The Monday session on Monday is landmark for the National League for Democracy party, long suppressed by the military

Hundreds of newly elected legislators, a majority of them from pro-democracy leader Aung San Suu Kyi's party, have begun a parliament session that will install their government and elect a new president.

The session on Monday marks a historic turnaround for the National League for Democracy (NLD) party, which for years was suppressed by the military. The party won 80 percent of the elected seats in general elections in November, qualifying it to form a government.

Myanmar started moving from a half-century of dictatorship toward democracy in 2011, when military rulers inexplicably agreed to hand over power to a nominally civilian government headed by President Thein Sein, a general turned reformist. He will stand down in late March or early April when an NLD president will take over.

Despite its victory, the NLD in practice will have to share power with the military, for which the constitution reserves 25 percent of the seats in parliament. Suu Kyi has met with senior military leaders to try to ensure a smooth change of government, and they have vowed not to interfere.
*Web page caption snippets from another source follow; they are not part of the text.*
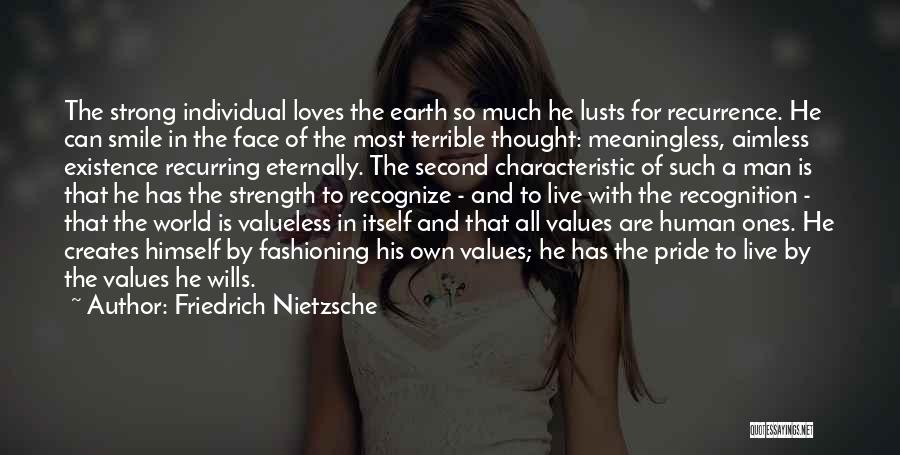 Strong Characteristic Quotes By Friedrich Nietzsche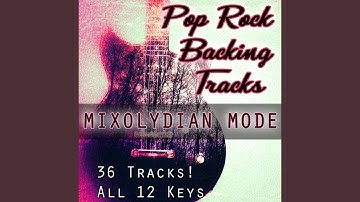 Melodic Hard Rock Backing Track A mixolydian Mode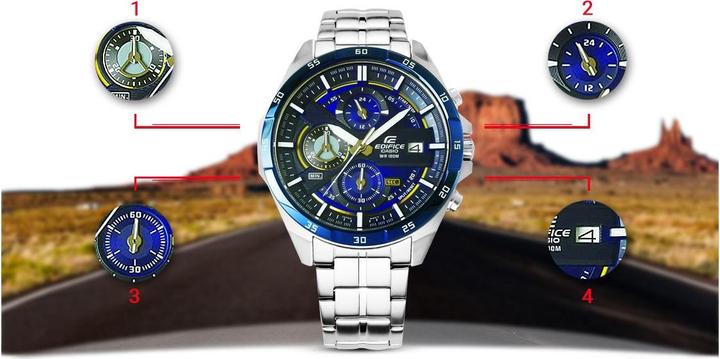 Actual product image Casio Edifice - EFR-556DB-2AVUEF (Chronograph, 49 mm)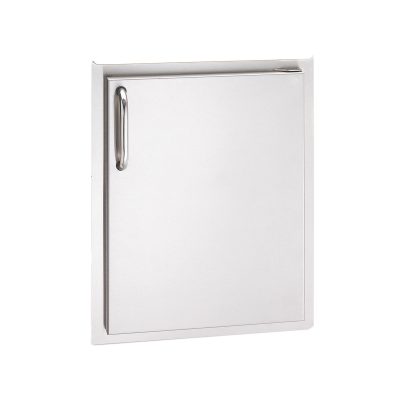 American Outdoor Grill 14" x 20" Right Door Hinge Single Access Door with Tubular Stainless Steel Handles and Double Wall Construction (14-20-SS DR)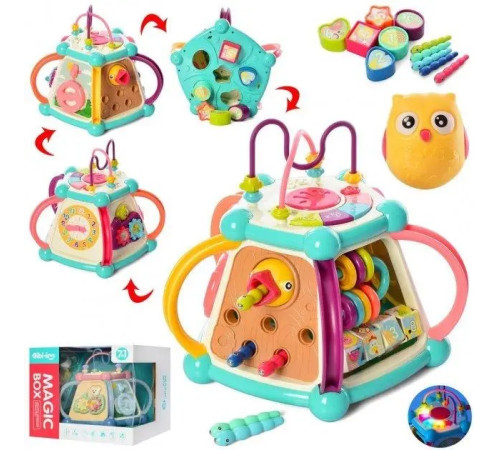 bibiin toys 648a-53 centru de joaca 7 în 1 "magic box"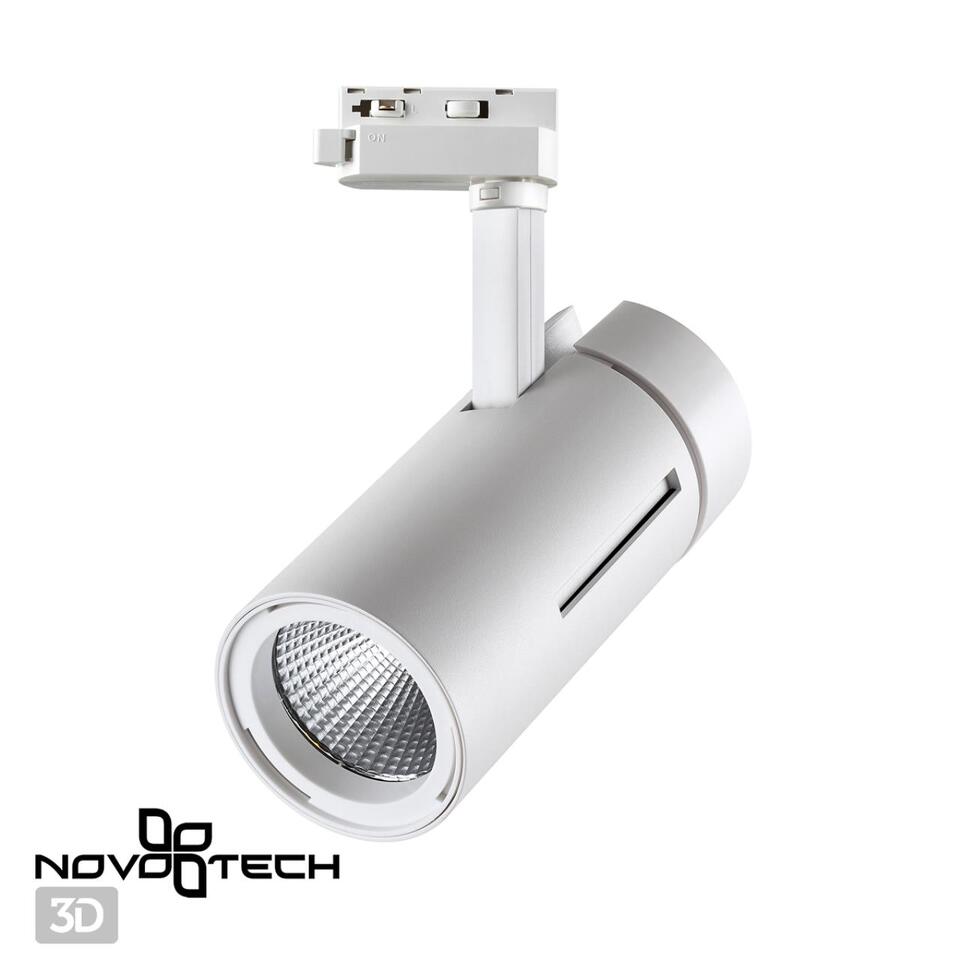 Фото №4  NOVOTECH 358594 PORT NT21 223 белый Светильник трековый однофазный трехжильный IP20 LED 4000K 30W 175-245V DEP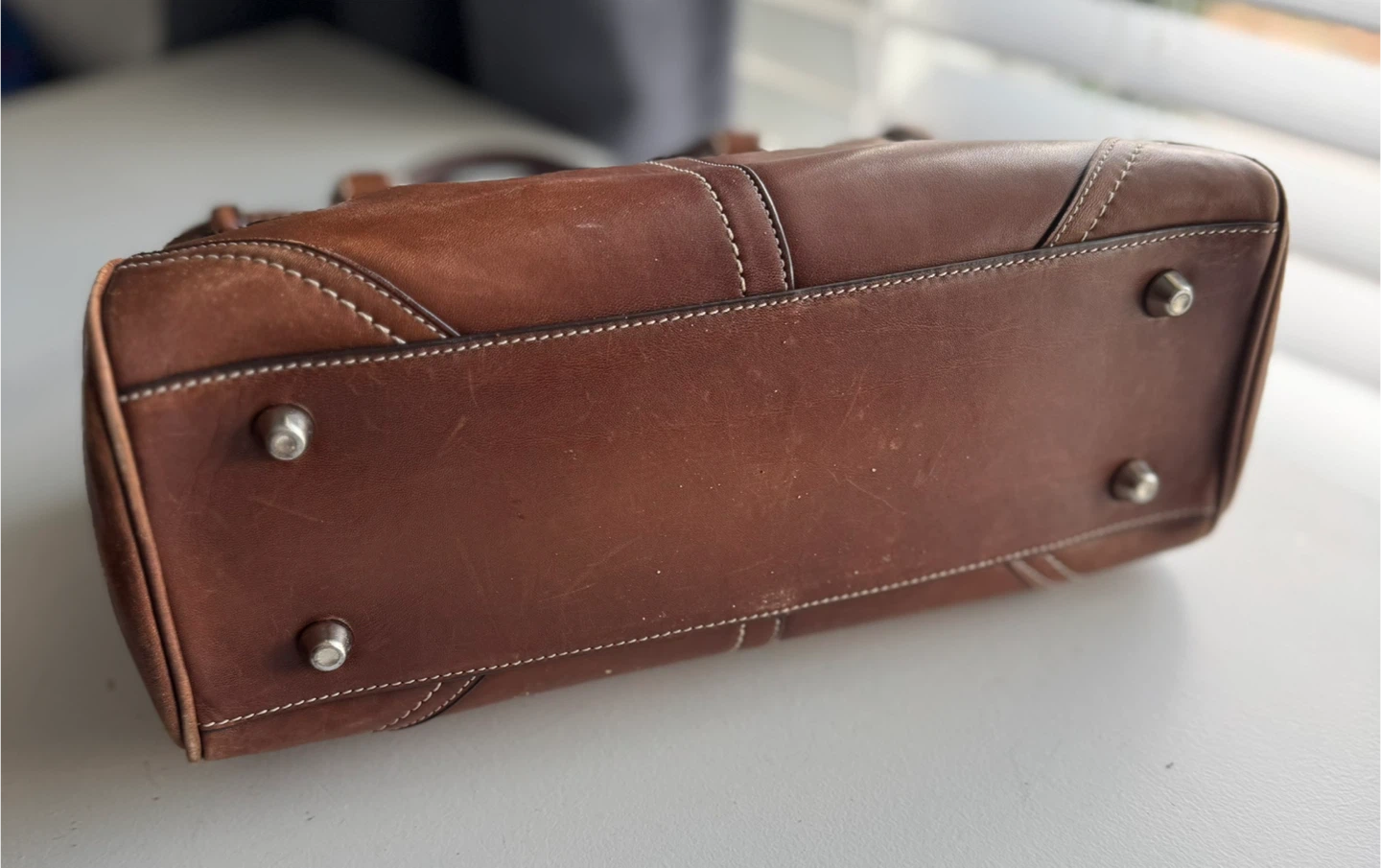 Coach Brown Leather Handbag - photo 4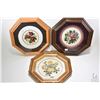 Image 1 : Three floral petite points, each in various octagonal frames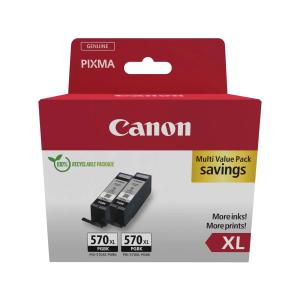 0318C010 CANON PGI570XL Pixma MG Tinte (2) black HC SEC Cardboard 2x22ml
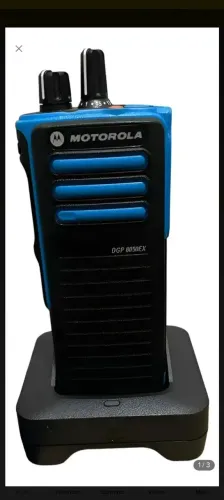 4 Radio Motorola Mototrbo Dgp 8050ex Vhf Nf-e Seminovo 3 bateria mas base de carregar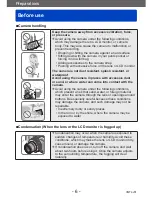 Preview for 6 page of Panasonic Lumix DMC-LX7 Operating Instructions Manual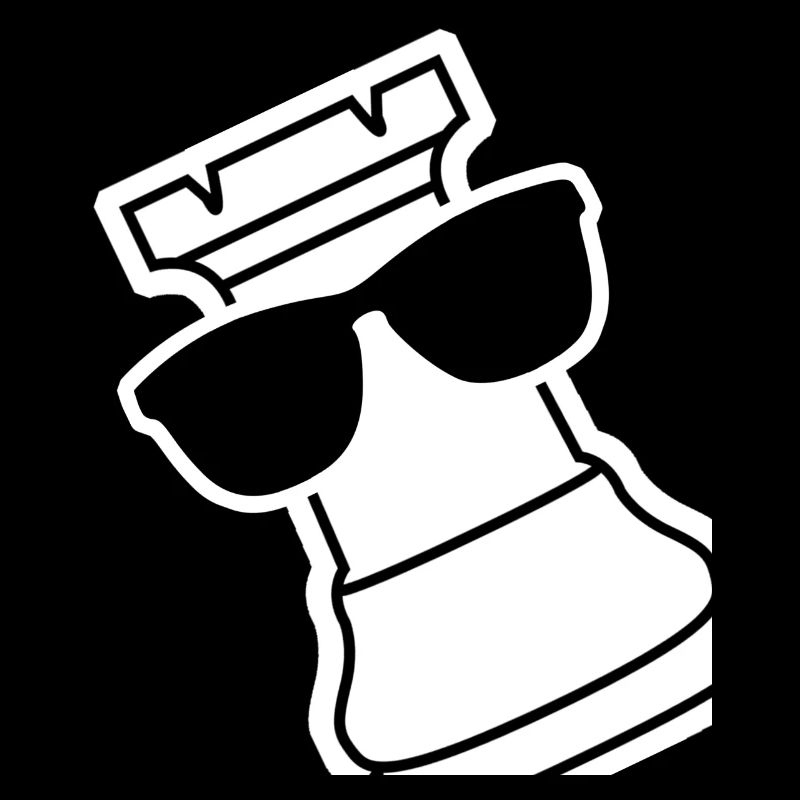 Chess Rook with Sunglasses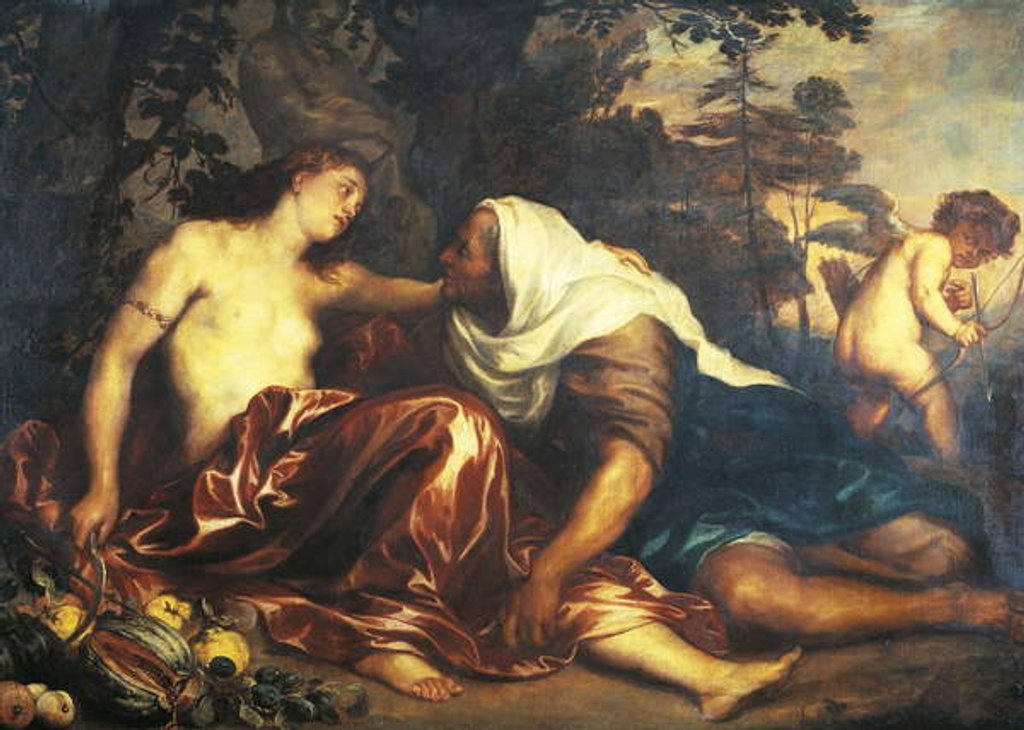 Detail of Vertumnus and Pomona, 1639 by Anthony van Dyck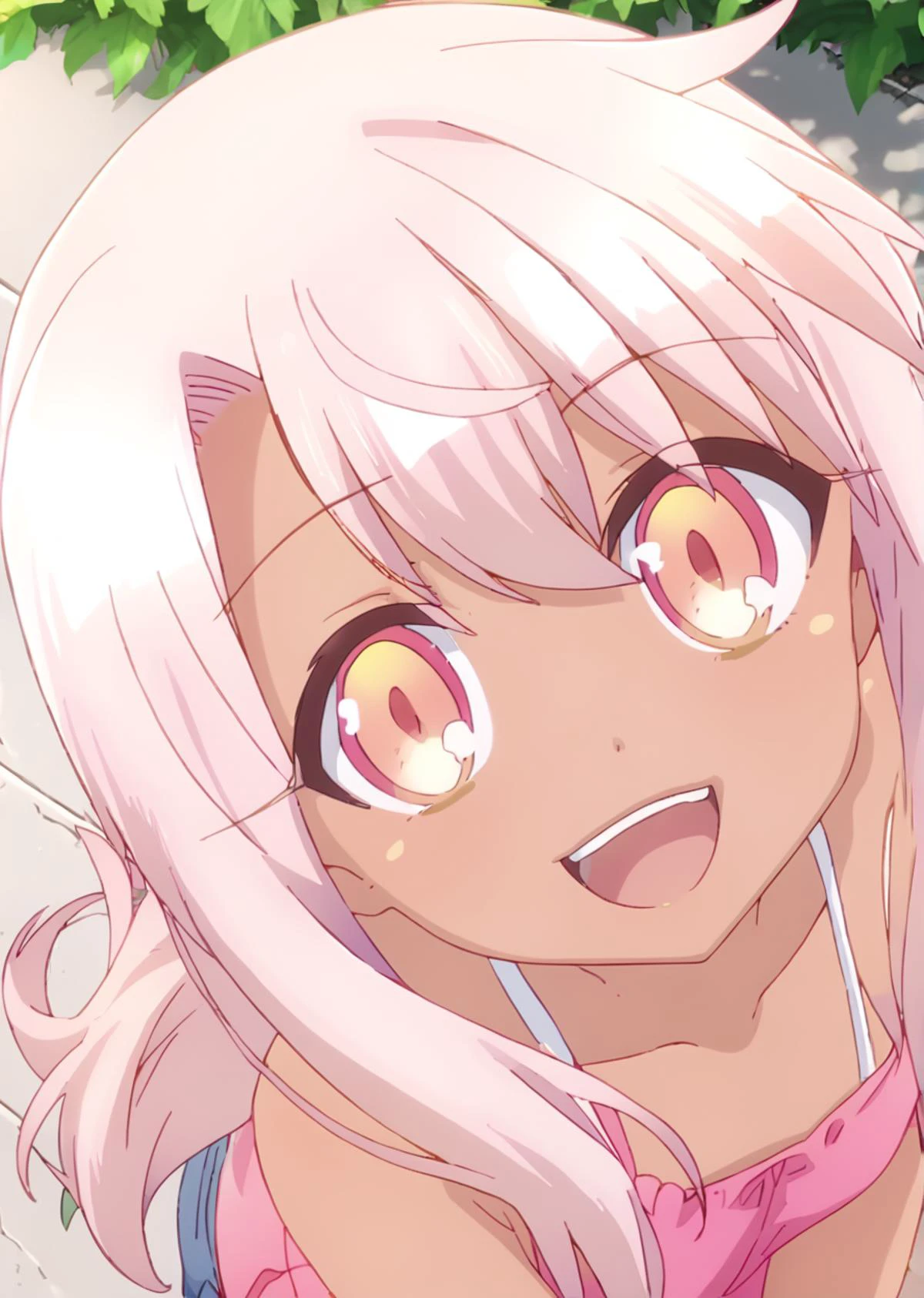 score 9, score 8 up, score 7 up, rating questionable,
detailed background,
<lora:kuro.pony:1>,
kuro,
shiny skin,
looking at viewer,
light blush,
casual modern style outfit,
outdoor, pov, from side, look up, grin, open mouth, high angle, happy,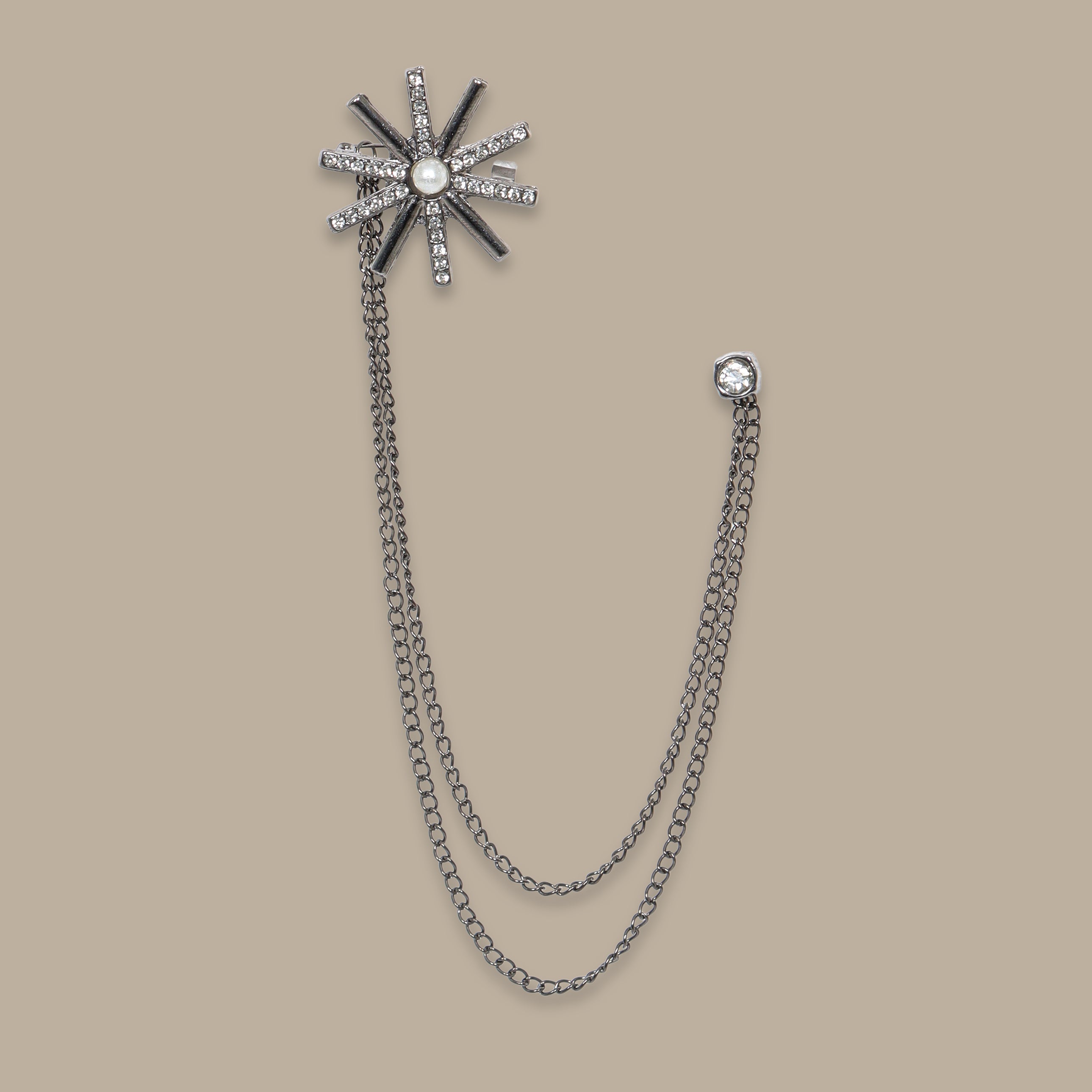 Sun Pearl Chain in Silver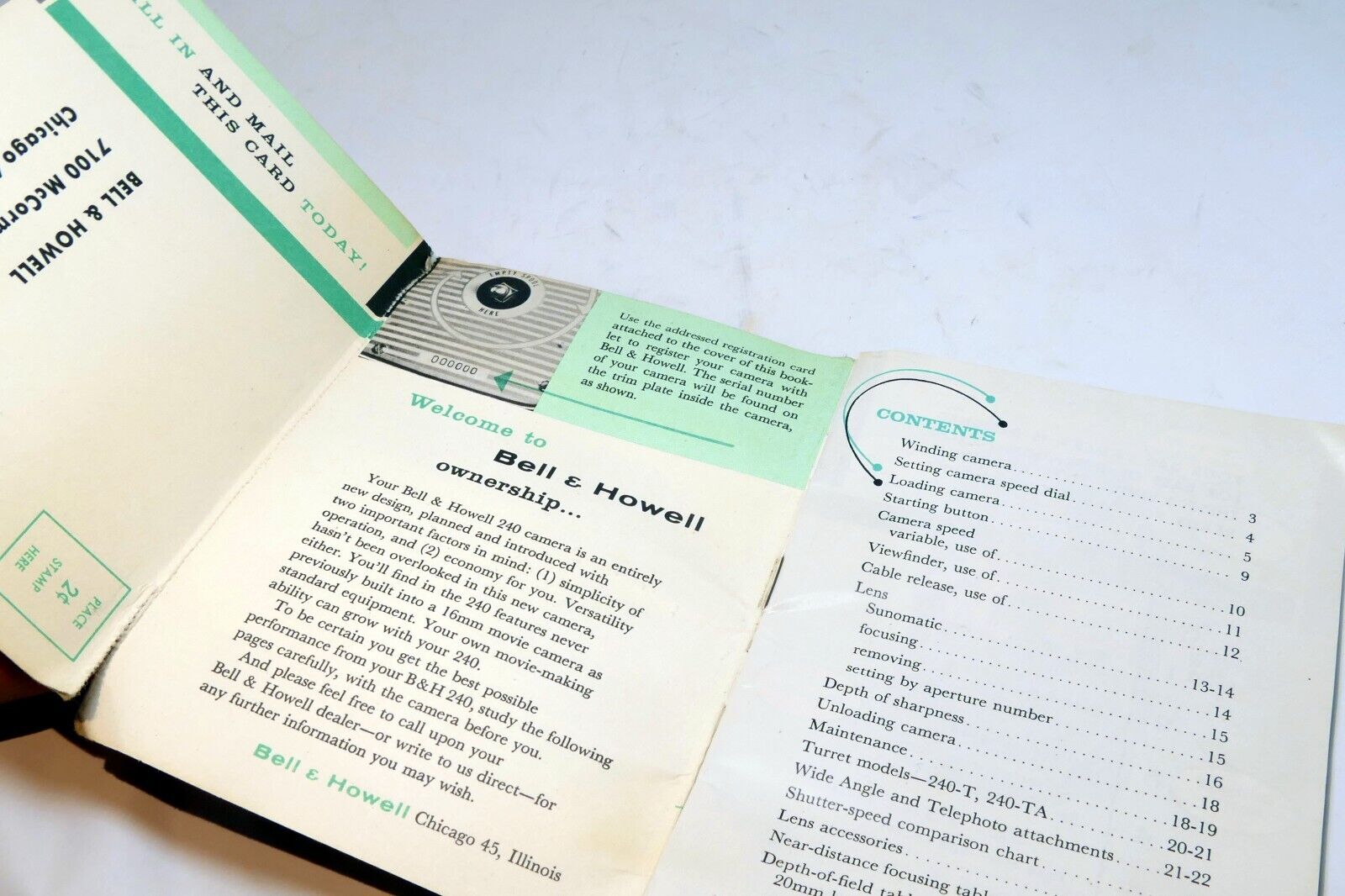 Bell & Howell 240 16mm Owner's manual  Instruction Guide E English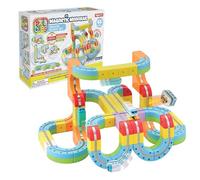 Rail Cube Monorail magnétique Deluxe - Jouet de Construction Ultime pour Enfants - Jouet magnétique de 66 pièces - À partir de 3 Ans - Jeu créatif - Possibilités de Construction infinies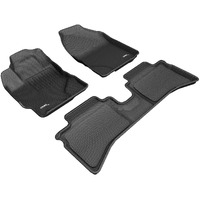 3D MAXpider All-Weather Floor Mats for Toyota Prius C 2016-2019 Custom Fit Car Floor Liners, Kagu Series (1st & 2nd Row, Black)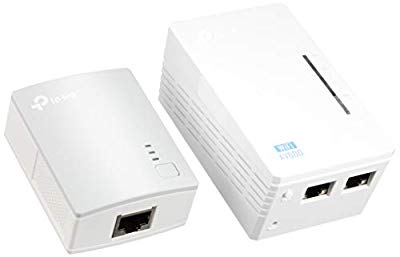TP-Link WiFi 中継機 PLCアダプター TL-WPA4220 KIT 11n 300Mbps 無線LAN (中古品)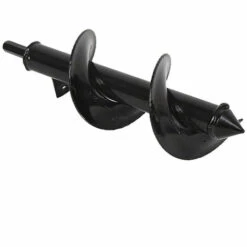 THSINDE Jardin Foreuse, Tige Hexagonale Acier Inoxydable Tariere Thermique, Creuser Des Trous Cultiver En Profondeur, Outil De Plantation Pratique, Pour Fleur Planter Des Arbres Arbustes (Dia: 8cm L: 30cm)..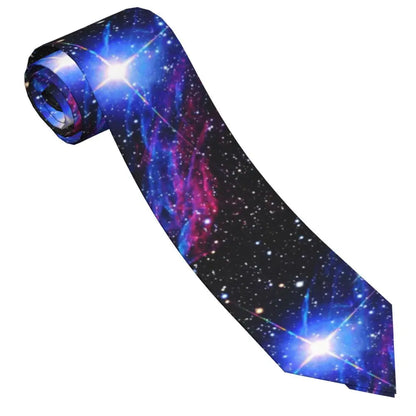 Galaxy Fantasy Nebula Star Neckties Unisex Polyester 8 cm Universe Space Sky Neck Tie Mens Casual Classic Accessories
Thein Sein's Union Solidarity and Development Party, which is backed by the military, won a 2010 election in which the NLD refused to participate, protesting that it was held under unfair conditions. After several changes in the election law, the NLD contested several dozen by-elections in 2012, winning virtually all of them.

 "We don't know exactly when the presidential election will happen. We cannot tell you anything about who will be nominated as the presidential candidates as well," said Zayar Thaw, an NLD legislator.

The military has been in power since 1962, either directly or through a proxy government. It called an election in 1990, which Suu Kyi's party won only to see the results annulled by the military.

Suu Kyi was put under house arrest prior to the 1990 election and spent 15 of the next 22 years mostly confined to her lakeside villa in Yangon. She was under house arrest when she won the 1991 Nobel Peace Prize.

This week, the party will focus on appointing parliamentary speakers, who were announced last week. It will also prepare for the start of state and regional assemblies on Feb.8, some in places dominated by large ethnic minorities such as Shan State in the east or Rakhine in the west.

Each of the parliament's two chambers will appoint its presidential candidate and the military officials who hold a quarter of seats will put forward their nominee. Combined chambers will then vote on the candidates. The winner will become president. The other two will serve as vice presidents.

Myanmar's 51.5 million people expect the NLD to quickly fix everything, including stopping the abuse of the Rohingya Muslims and bringing peace to a country marked by ethnic strife. 

The military-backed government signed a peace pact with more than dozen smaller ethnic armies before the elections but major groups have stayed away, and fighting continues in many states. Most are fighting for autonomy and rights over their resource-rich land.

"I hope this will be a good opportunity for us to speak out for the ethnic people and demand indigenous rights," said Lama Naw Aung, a lower house member from the Kachin State Democracy Party, representing the Kachin minority who are engaged in ongoing battles with the army in the east of the country.  

"They (people) hope that every problem will be solved automatically after the NLD becomes the government, FDI will come in," said Shwe Mann, the outgoing speaker of parliament who is close to Suu Kyi, referring to foreign investment.

But under the 2008 constitution, she is barred from the presidency because the constitution prohibits people with a foreign spouse or children from holding the office; her late husband was British, and their two sons hold British passports.

Suu Kyi has given no indication as to who will take over from the outgoing and the NLD has no clear number two.

Before the November vote, Suu Kyi said "I will be above the president. It's a very simple message. … "The constitution says nothing about being 'above the president."'

The NLD has not explained how she will do this.

"To accomplish the challenges, they need to choose the right people and put them in right positions," said Shwe Mann. "This is also my main concern, because it will decide the performance of her government."